__Task to carry out__: In the listing below, find the line containing "Carlos Santana Signed Concert Tour Flyer" and the line containing "Strickjacke mit V-Ausschnitt", then copy exactly everything from the first through the second, except the pictures.

__Materials provided__:
● ● ●

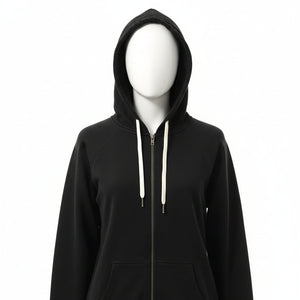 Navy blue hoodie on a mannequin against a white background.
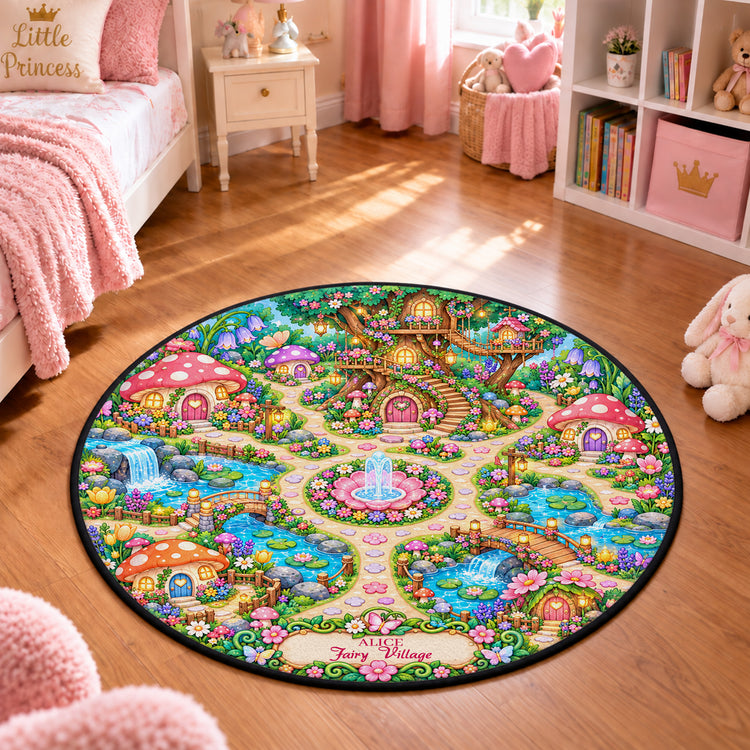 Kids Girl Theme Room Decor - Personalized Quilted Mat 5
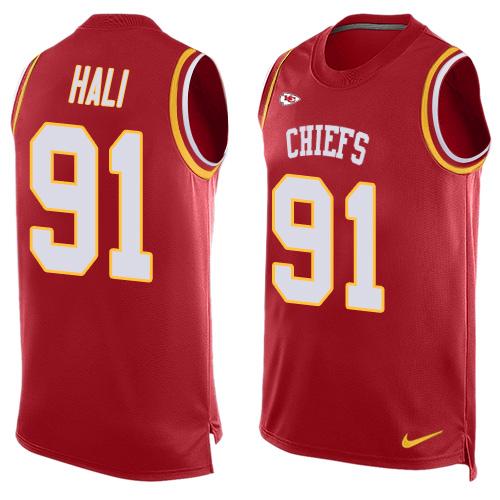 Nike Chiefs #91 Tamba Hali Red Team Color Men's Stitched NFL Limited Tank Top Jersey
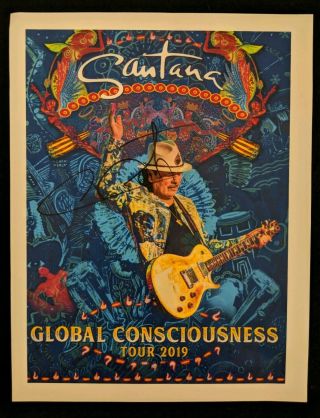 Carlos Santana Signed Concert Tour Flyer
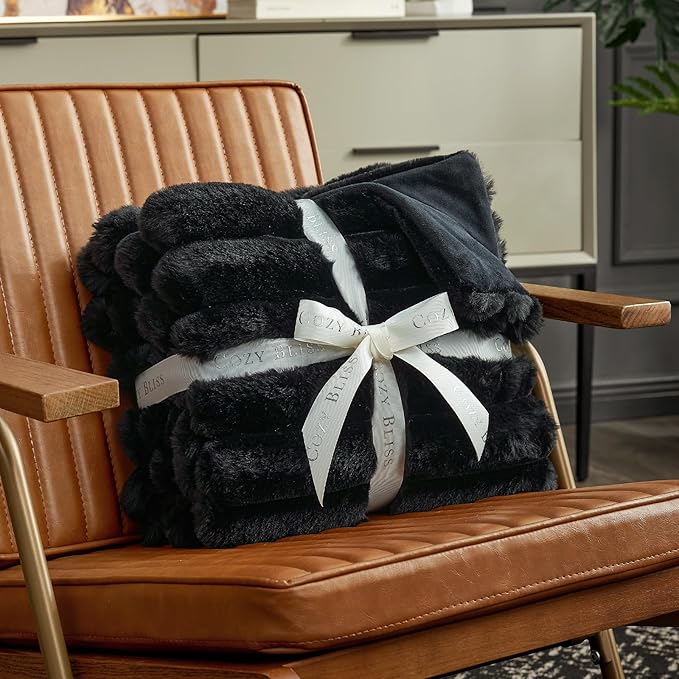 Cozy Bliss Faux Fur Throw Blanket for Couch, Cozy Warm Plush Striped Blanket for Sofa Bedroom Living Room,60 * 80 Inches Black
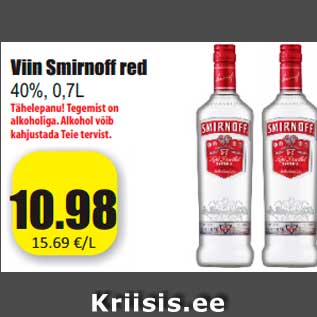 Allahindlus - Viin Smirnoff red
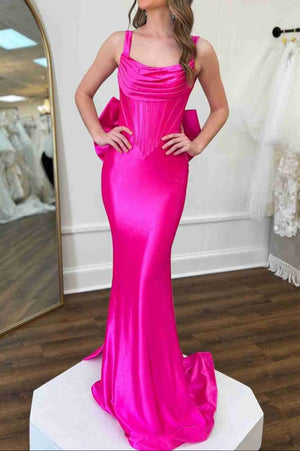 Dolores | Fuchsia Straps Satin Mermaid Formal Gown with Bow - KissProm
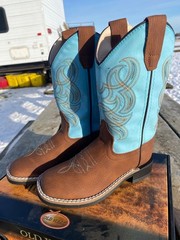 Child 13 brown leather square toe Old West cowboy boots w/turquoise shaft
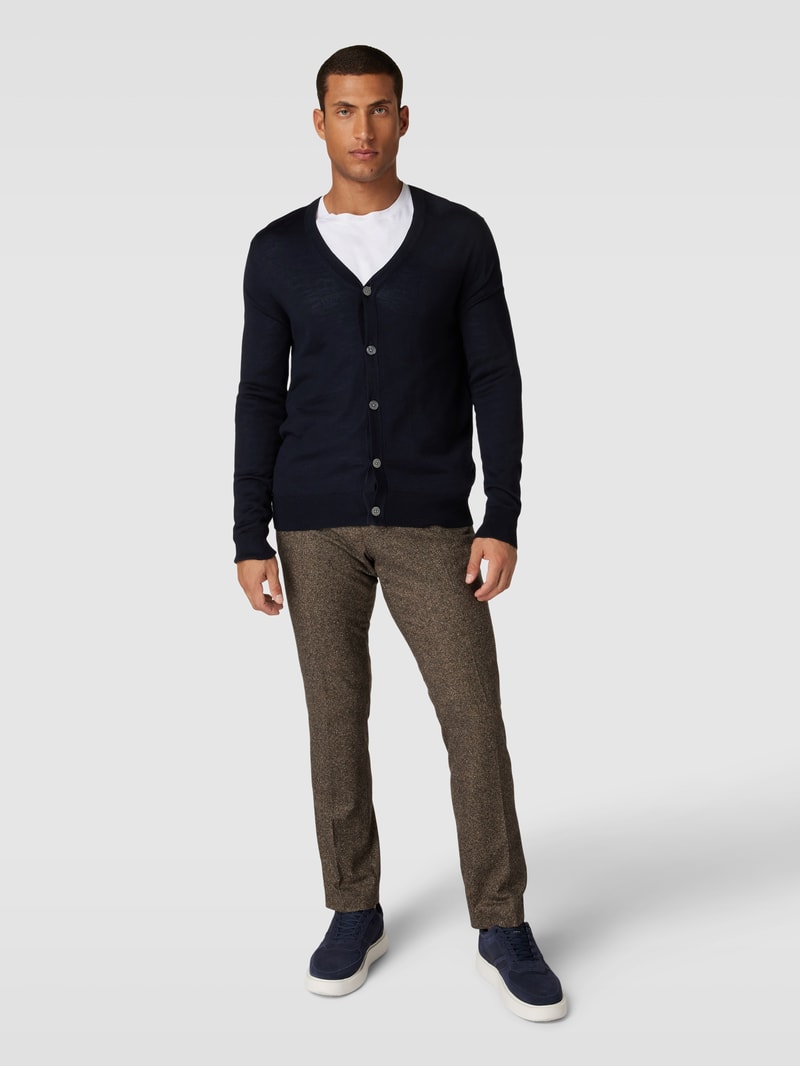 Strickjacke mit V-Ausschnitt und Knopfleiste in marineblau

● ● ●

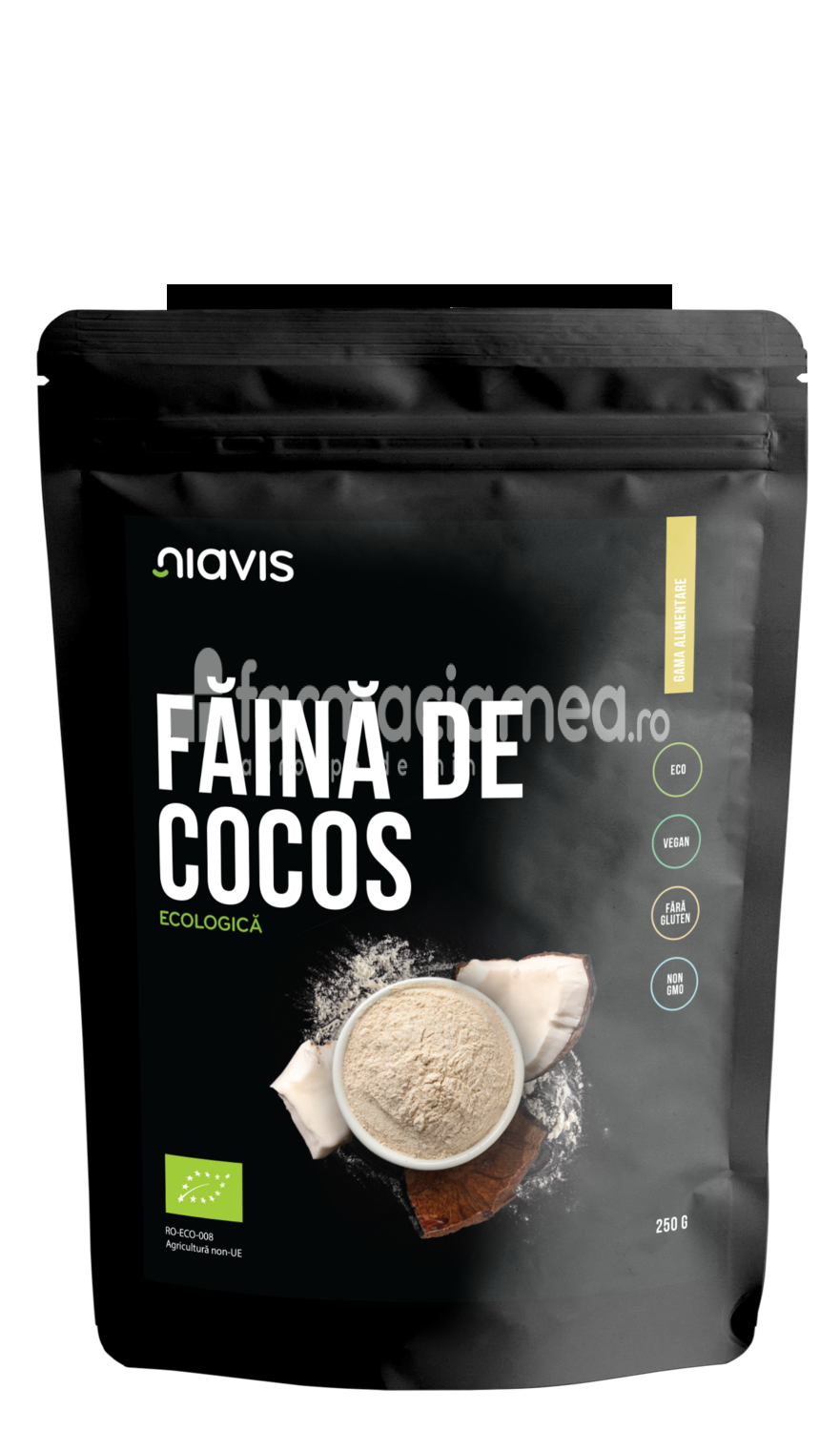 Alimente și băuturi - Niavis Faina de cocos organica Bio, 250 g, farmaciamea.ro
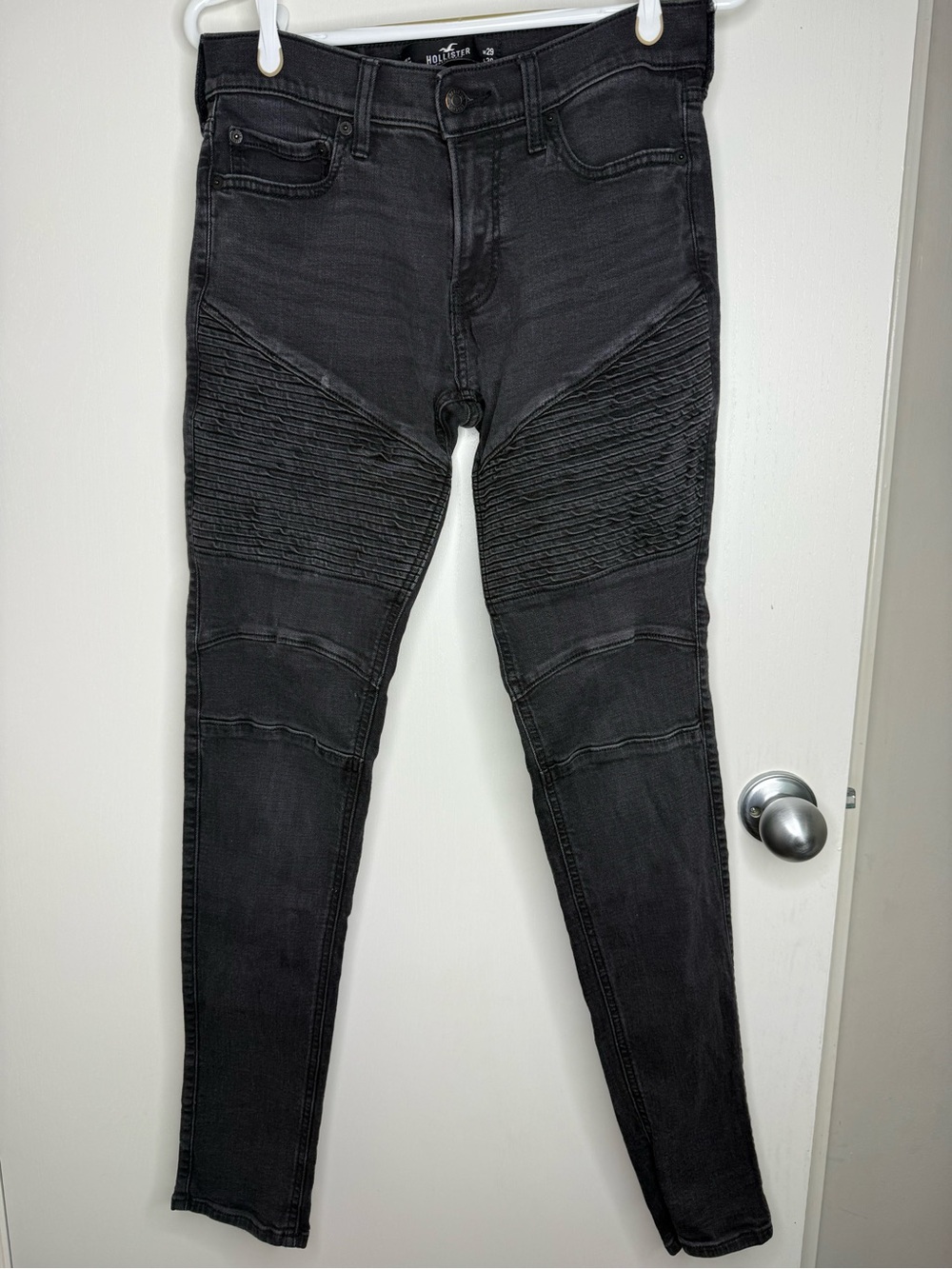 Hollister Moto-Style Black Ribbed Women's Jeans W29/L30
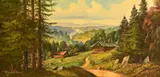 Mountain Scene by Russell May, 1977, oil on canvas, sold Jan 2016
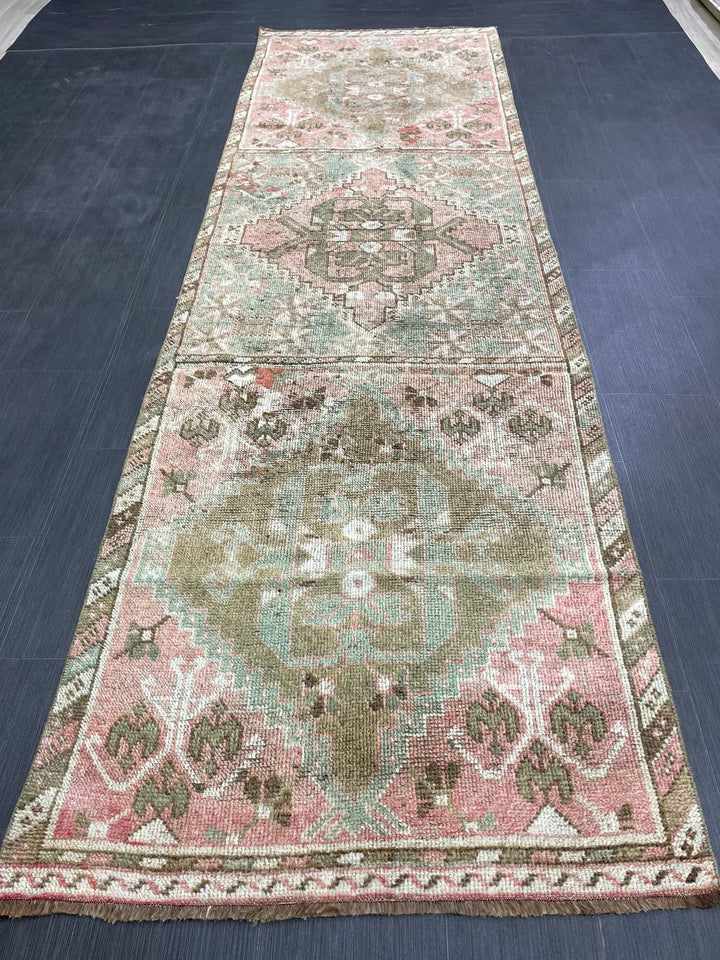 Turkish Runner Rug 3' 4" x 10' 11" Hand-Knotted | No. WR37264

● ● ●

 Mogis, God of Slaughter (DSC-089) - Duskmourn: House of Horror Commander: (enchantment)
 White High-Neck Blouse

● ● ●

__Response to this task__:
 Carlos Santana Signed Concert Tour Flyer
 Cozy Bliss Faux Fur Throw Blanket for Couch, Cozy Warm Plush Striped Blanket for Sofa Bedroom Living Room,60 * 80 Inches Black
 Allahindlus - Viin Smirnoff red
 Dolores | Fuchsia Straps Satin Mermaid Formal Gown with Bow - KissProm
 Child 13 brown leather square toe Old West cowboy boots w/turquoise shaft
 Strickjacke mit V-Ausschnitt und Knopfleiste in marineblau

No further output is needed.